Retype each record exactly, please. Skip none.
(DATA SUPPLIED begins)
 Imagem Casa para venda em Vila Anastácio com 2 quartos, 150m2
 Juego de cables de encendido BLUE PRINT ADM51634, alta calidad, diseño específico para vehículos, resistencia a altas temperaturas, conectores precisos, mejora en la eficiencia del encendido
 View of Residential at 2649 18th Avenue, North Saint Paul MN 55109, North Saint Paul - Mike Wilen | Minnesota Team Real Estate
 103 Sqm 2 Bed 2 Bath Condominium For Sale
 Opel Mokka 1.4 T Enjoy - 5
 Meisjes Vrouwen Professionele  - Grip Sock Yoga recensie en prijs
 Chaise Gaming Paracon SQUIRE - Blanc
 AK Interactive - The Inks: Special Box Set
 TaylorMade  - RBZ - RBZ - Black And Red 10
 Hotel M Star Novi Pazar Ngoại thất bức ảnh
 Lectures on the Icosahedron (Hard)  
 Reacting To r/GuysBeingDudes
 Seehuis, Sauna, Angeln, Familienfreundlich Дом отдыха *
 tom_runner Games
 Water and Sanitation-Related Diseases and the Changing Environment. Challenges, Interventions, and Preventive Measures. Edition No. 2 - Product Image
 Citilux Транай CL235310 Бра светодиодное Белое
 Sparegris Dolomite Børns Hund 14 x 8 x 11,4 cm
(DATA SUPPLIED ends)
*TASK RESULT*.
 Imagem Casa para venda em Vila Anastácio com 2 quartos, 150m2
 Juego de cables de encendido BLUE PRINT ADM51634, alta calidad, diseño específico para vehículos, resistencia a altas temperaturas, conectores precisos, mejora en la eficiencia del encendido
 View of Residential at 2649 18th Avenue, North Saint Paul MN 55109, North Saint Paul - Mike Wilen | Minnesota Team Real Estate
 103 Sqm 2 Bed 2 Bath Condominium For Sale
 Opel Mokka 1.4 T Enjoy - 5
 Meisjes Vrouwen Professionele  - Grip Sock Yoga recensie en prijs
 Chaise Gaming Paracon SQUIRE - Blanc
 AK Interactive - The Inks: Special Box Set
 TaylorMade  - RBZ - RBZ - Black And Red 10
 Hotel M Star Novi Pazar Ngoại thất bức ảnh
 Lectures on the Icosahedron (Hard)  
 Reacting To r/GuysBeingDudes
 Seehuis, Sauna, Angeln, Familienfreundlich Дом отдыха *
 tom_runner Games
 Water and Sanitation-Related Diseases and the Changing Environment. Challenges, Interventions, and Preventive Measures. Edition No. 2 - Product Image
 Citilux Транай CL235310 Бра светодиодное Белое
 Sparegris Dolomite Børns Hund 14 x 8 x 11,4 cm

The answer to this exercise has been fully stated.